As the application matured and grew in complexity, there were more factors to account for in coding and testing, thus making it more difficult to determine and report positive progress. In this workplace, there is a condition that can only be described as behavior of "The Three Monkeys". For the uninitiated, The Three Monkeys is a reference to a common Japanese legend depicted by three monkeys in which one is covering it's eyes, another it's mouth, and the last covering it's ears. The usual understandings of the poses are: "See no evil, speak no evil, and hear no evil". The basis of the legend stems from the Koshin belief of everyone has three monkeys which refuse to speak the misdeeds of their owner. In this modern instance, the behavior can be described as "I will not speak if I have negative results to report" An example of this would be, if a person had to make a report of a project not progressing as expected, they would do their level best not to say anything. Even in the circumstance of if the report were to be neutral, the subject would still be reluctant to make the report. Only in the event of being able to produce a positive report, would they feel comfortable reporting status. The subjects studied were actually observed planning a series of "ghost" lunches in order to avoid being able to be scheduled into a meeting where they would have no choice to report negative status.

There is a noted atmosphere of ensuring positive outcomes regardless if the outcome was a stated objective. In other words, if the team were focused on creating a specific application, and for whatever reason had not made appropriate progress, the team lead would chose not to report on the progress, but instead would insist on reporting positive progress on another similar, but unrelated project, even if they were not supposed to working on the similar project. This unspoken tribal law of "speak of good, not bad” permeates the entire organization at every level. This theory of operation comes from surveying the subjects behavior over the past eleven months, following their individual progress (in the form of daily status reports), and comparing the weekly reports, which are supposed to summarize past weekly activity. The behavior is so pervasive, even in the circumstance where this condition was brought up in a departmental meeting, the subject still insisted on delivering the incorrect positive information, rather than what was written in the daily reports.

The negative business outcomes resulting from this behavior are people being required to work unexpected extra shifts or project timelines being stretched due to "unforeseen" issues appearing near project end. This is turn causes employees trust in project reports (and the managers who gather them) to decline, which goes further to make people question the ability of the company to operate in a fiscally responsible manner. The faith placed in the company processes to produce applications is shaken from the employee to the end-user.

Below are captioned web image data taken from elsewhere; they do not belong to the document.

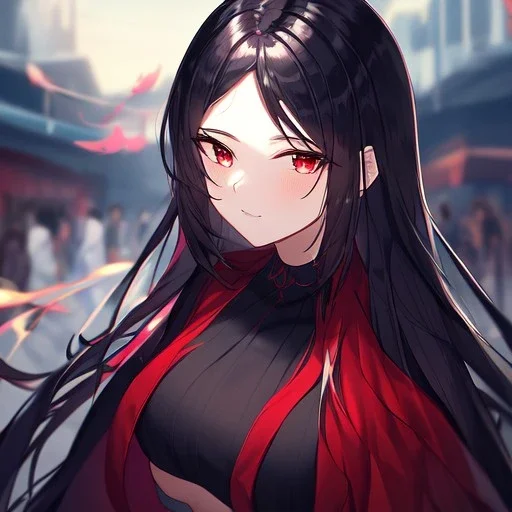 Clear focus,High resolution, black long hair, Vibrant red eyes, Emo style,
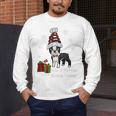 Boston Terrier Christmas T Shirt-Life Is Merrier Premium Tri-Blend Men's Long Sleeve T-Shirt, funny design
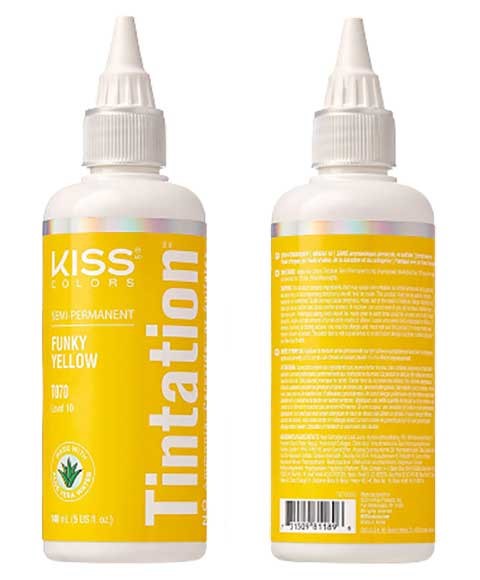 KISS COLORS TINTATION SEMI PERMANENT FUNKY YELLOW T070 148 ml Hair Color Asetena Pa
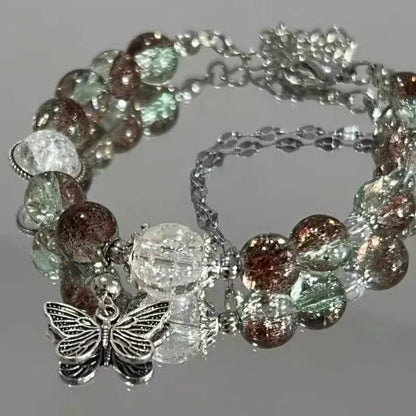 Fantasy Blue Crystal Beads Elastic  Bracelet. - BLAKESTORE-NG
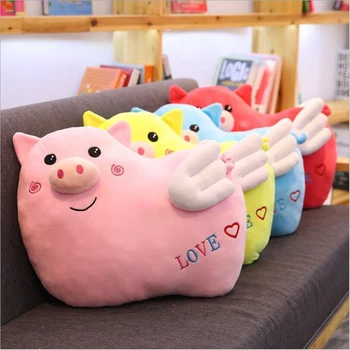 

Cartoon Cute Winged Pig Short Plush Toys Stuffed Animal Pig Doll Toy Soft Plush Pillow Children Birthday Gifts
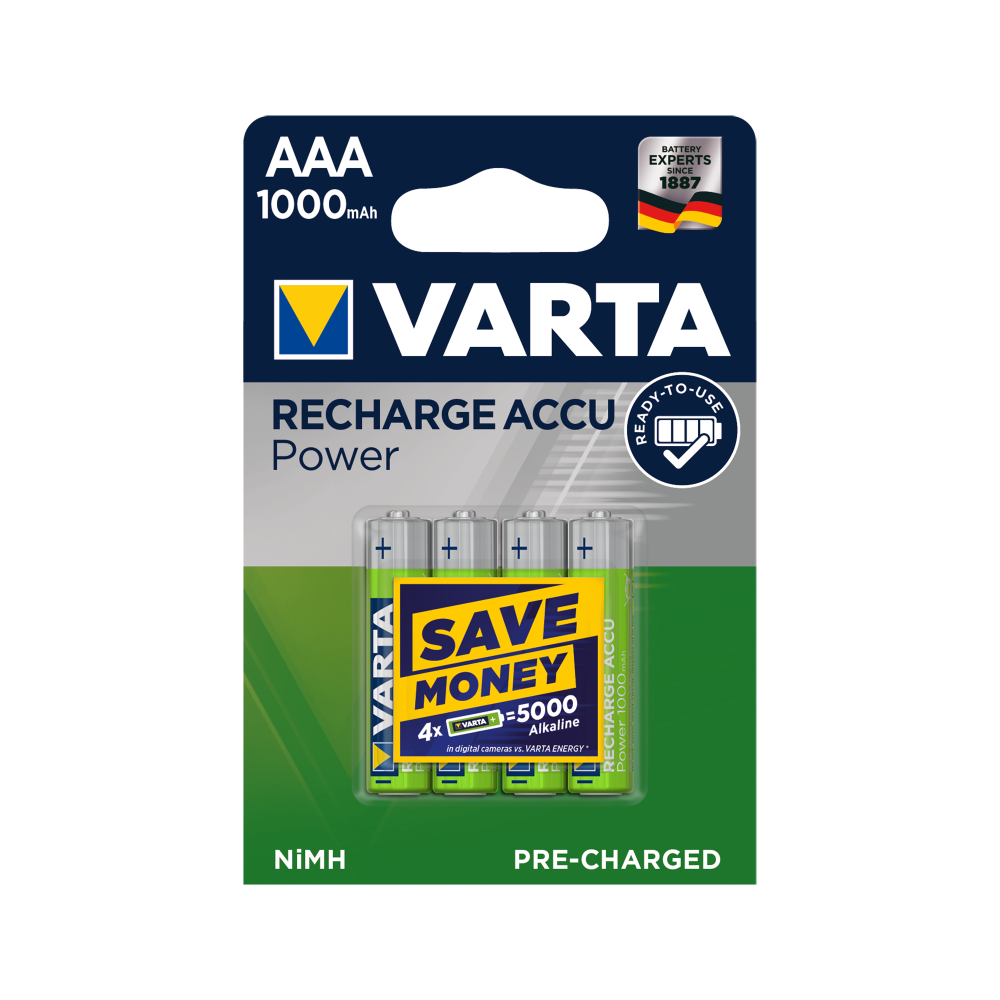 Batteri VARTA AAA 1000mAh 4st/fp. Batteri VARTA AAA 1000mAh 4st/fp.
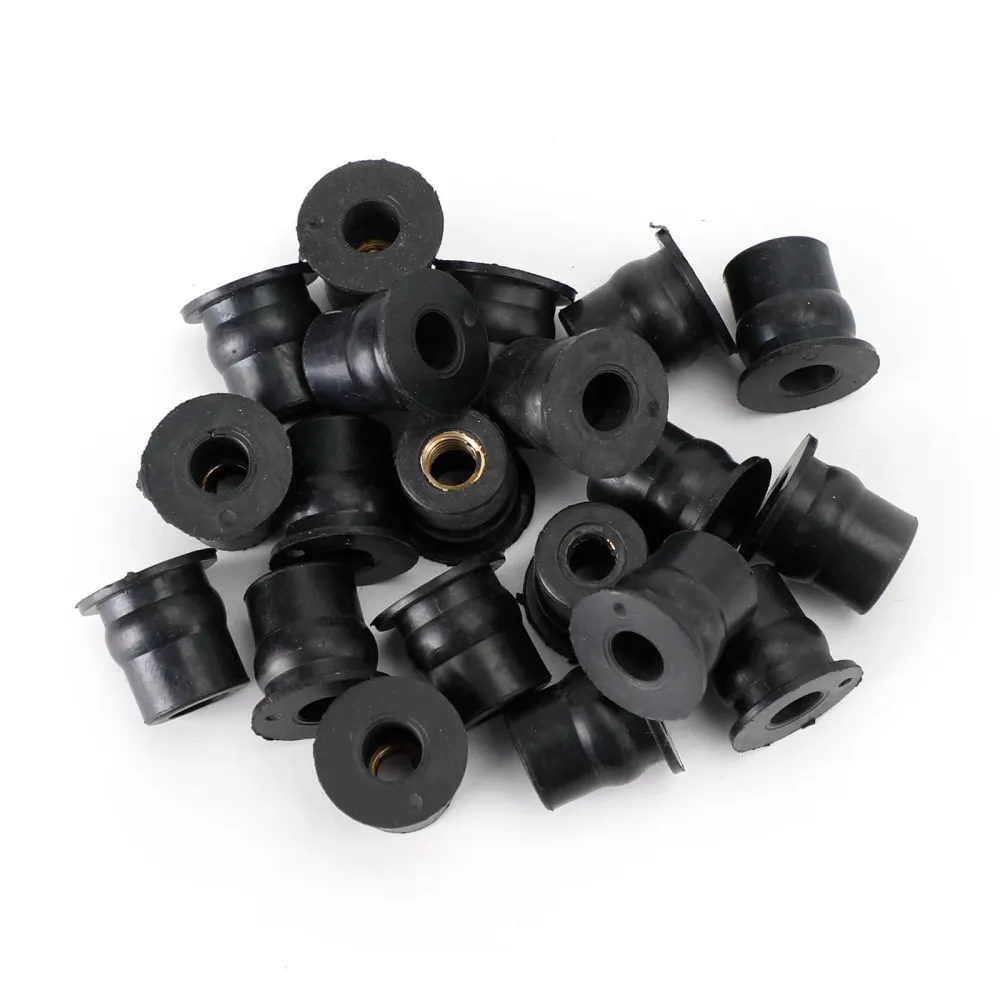 20 Cantidad M6 Tuerca de goma para parabrisas & Tuercas de carenado de 6 mm para orificios de 13 mm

When first exposed to this conduct with earlier companies, it was thought this behavior was an abnormality, a misperception on behalf of the author, further observation (and job opportunities with other companies) proved the facts otherwise. In the normal role of a single department manager (Software Quality Assurance), only having insight to one perspective of a multi-department effort, this perception could easily have been arrived at mistakenly. However, as the authority to govern other departments (Engineering and Customer Care) was granted to the individual, it was noted through documented reports the noted behavior was accurate, and not subject to misinterpretation. The status being reported in the weekly summaries did not reflect the status noted in the daily reports.